*WHAT THE TASK REQUIRES*:
Read each line of the material and note whether it contains "with". Give the number of such lines and nothing else.

*EXERCISE DATA*:
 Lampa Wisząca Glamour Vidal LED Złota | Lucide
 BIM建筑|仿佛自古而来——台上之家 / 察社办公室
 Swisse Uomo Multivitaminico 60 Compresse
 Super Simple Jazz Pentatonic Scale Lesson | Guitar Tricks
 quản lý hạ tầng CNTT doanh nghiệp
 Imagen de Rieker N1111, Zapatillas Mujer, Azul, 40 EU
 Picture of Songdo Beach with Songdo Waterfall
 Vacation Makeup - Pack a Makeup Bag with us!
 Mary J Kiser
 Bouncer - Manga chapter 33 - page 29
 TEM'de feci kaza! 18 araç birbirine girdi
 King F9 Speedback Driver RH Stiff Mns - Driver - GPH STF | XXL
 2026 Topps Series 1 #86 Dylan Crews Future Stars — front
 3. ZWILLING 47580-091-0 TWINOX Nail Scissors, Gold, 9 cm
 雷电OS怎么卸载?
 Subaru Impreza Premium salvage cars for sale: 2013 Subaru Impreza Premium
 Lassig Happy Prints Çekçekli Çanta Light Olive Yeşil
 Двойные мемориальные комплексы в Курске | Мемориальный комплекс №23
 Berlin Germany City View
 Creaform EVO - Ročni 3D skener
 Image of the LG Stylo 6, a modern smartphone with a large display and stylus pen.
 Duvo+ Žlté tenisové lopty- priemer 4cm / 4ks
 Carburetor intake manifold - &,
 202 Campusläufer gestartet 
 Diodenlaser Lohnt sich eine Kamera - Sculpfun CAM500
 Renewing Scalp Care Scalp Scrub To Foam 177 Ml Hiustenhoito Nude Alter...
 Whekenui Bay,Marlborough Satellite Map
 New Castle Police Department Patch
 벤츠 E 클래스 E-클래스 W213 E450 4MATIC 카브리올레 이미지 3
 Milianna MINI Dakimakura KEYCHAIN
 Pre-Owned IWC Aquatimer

*EXERCISE RESPONSE*:
3